You can also make a negative character classes to match anything but the characters inside the square bracket by adding a caret character (^) just after the opening square bracket. For example:

In [10]:
vowelRegex = re.compile(r'[^aeiouAEIOU]')
vowelRegex.findall('Robocop eats baby food. BABY FOOD.')

['R',
 'b',
 'c',
 'p',
 ' ',
 't',
 's',
 ' ',
 'b',
 'b',
 'y',
 ' ',
 'f',
 'd',
 '.',
 ' ',
 'B',
 'B',
 'Y',
 ' ',
 'F',
 'D',
 '.']

To find if a text on a string start with some characters you can use the caret character in the begining of the regex. Likewise, you can find if the text end with some characters by putting the dollar at the end of the regex. Example:

In [15]:
beginsWithHello = re.compile(r'^Hello')
print(beginsWithHello.search('Hello World'))
print(beginsWithHello.search('He said hello.') == None)
endsWithNumber = re.compile(r'\d$')
print(endsWithNumber.search('Your number is 42'))
print(endsWithNumber.search('Your number is 42.') == None)

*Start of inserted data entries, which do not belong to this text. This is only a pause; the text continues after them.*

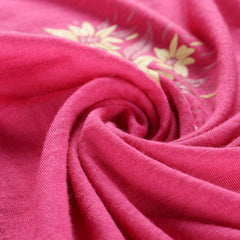 fuchsia fedora variant pb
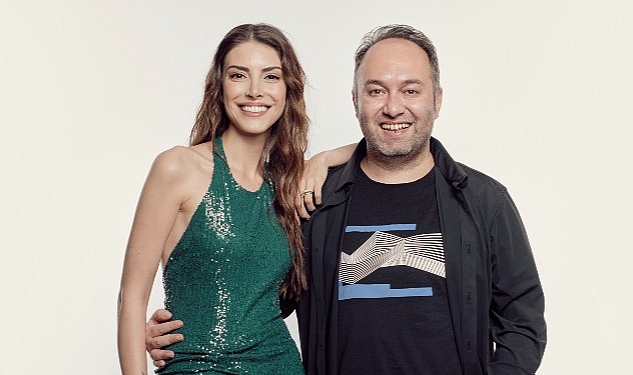 deniz-baysal-yurtcu-konserlerde-kizlar-esime-ciglik-atmasa-sikinti-olur.jpg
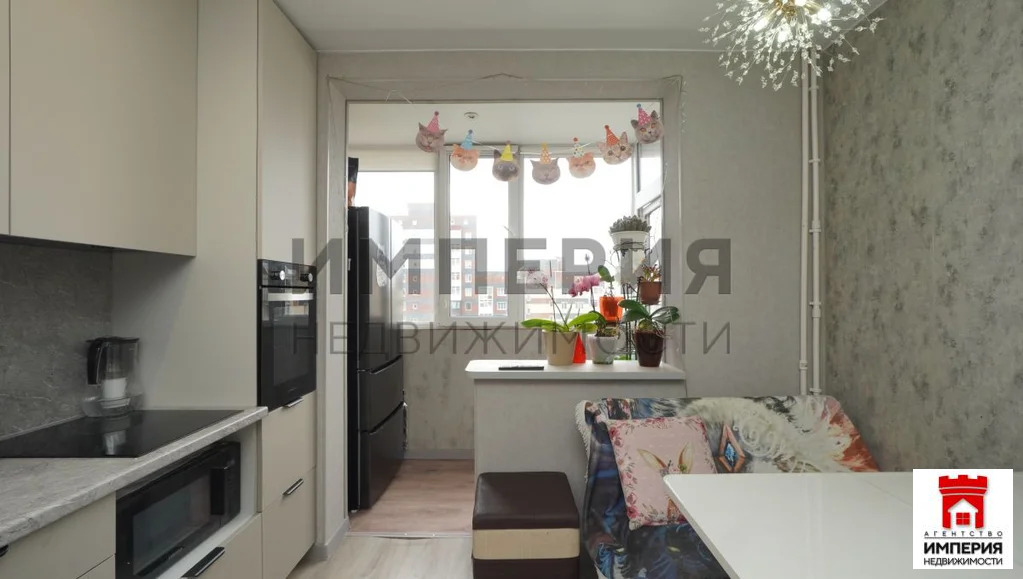 Продажа квартиры, Петропавловск-Камчатский, ул. Савченко - Фото 17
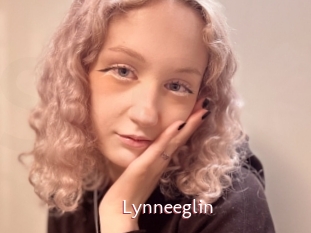 Lynneeglin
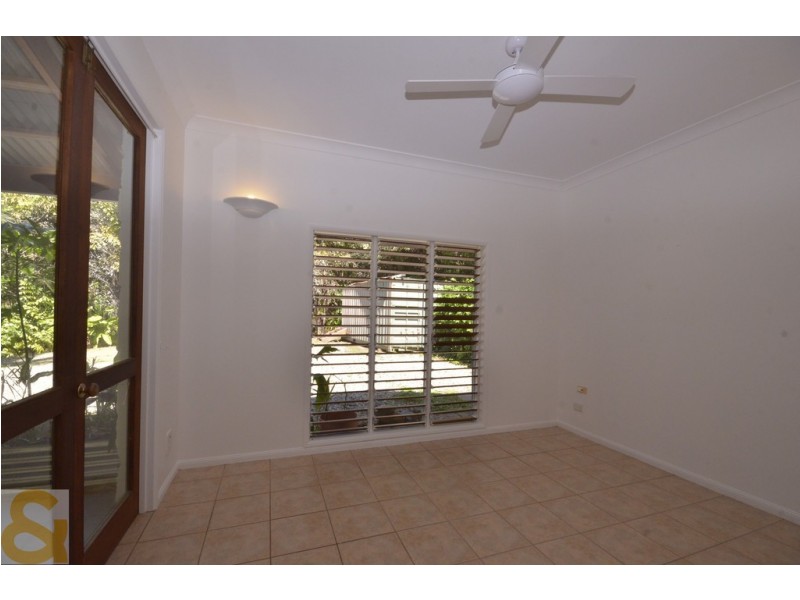 77 REYNOLDS ROAD, Oak Beach QLD 4877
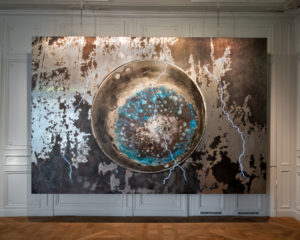 Subodh Gupta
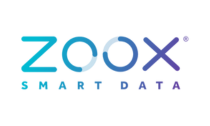 zoox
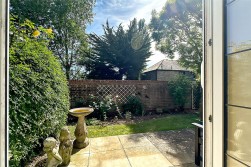 Rustington, Littlehampton, West Sussex
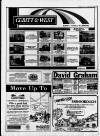 Fleet News Friday 02 May 1986 Page 32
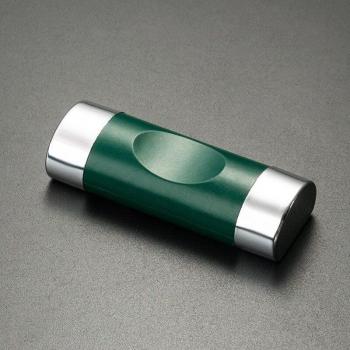 Zollor Minimalist Style Chopstick Holder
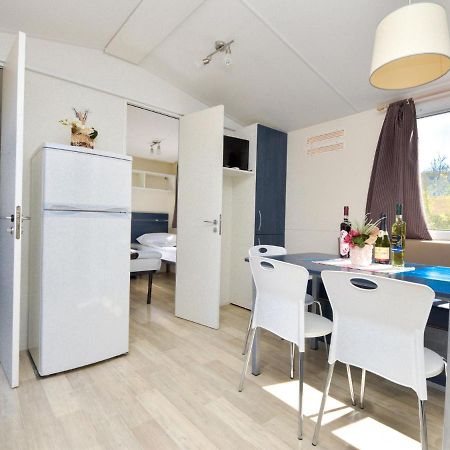 Holiday Home Palma-3 By Interhome Anic Exterior photo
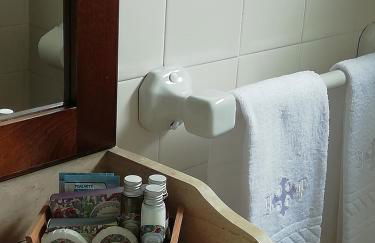 Quinta da Tapada - Foto 16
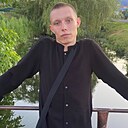 Эдуард, 19 лет
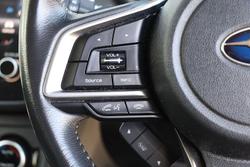 2021 Subaru Impreza 2.0i-L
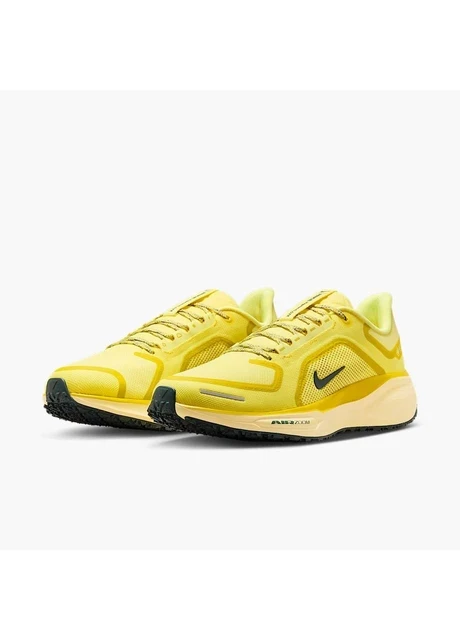 Кросівки Air Zoom Pegasus 41 Gore-Tex Bright Citron — фото 6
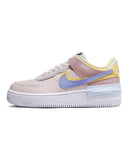 Air Force 1 Shadow Pink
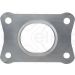 Elring Dichtung, Lader 223.440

<_sre.SRE_Match object; span=(0, 5), match='Hello'>
True
<_sre.SRE_Match object; span=(16, 17), match='2'>
True


The dot character in a regular expression is called a wildcard and will match any character that is followed by some characters that are after the dot on Regex. For example.

In [17]:
atRegex = re.compile(r'.at')
atRegex.findall('The cat in the hat sat on the flat mat.}')

['cat', 'hat', 'sat', 'lat', 'mat']

Note that it will only bring the character that are behind the characters that the regex are trying to match, not the word, as you can see on the "flat" word.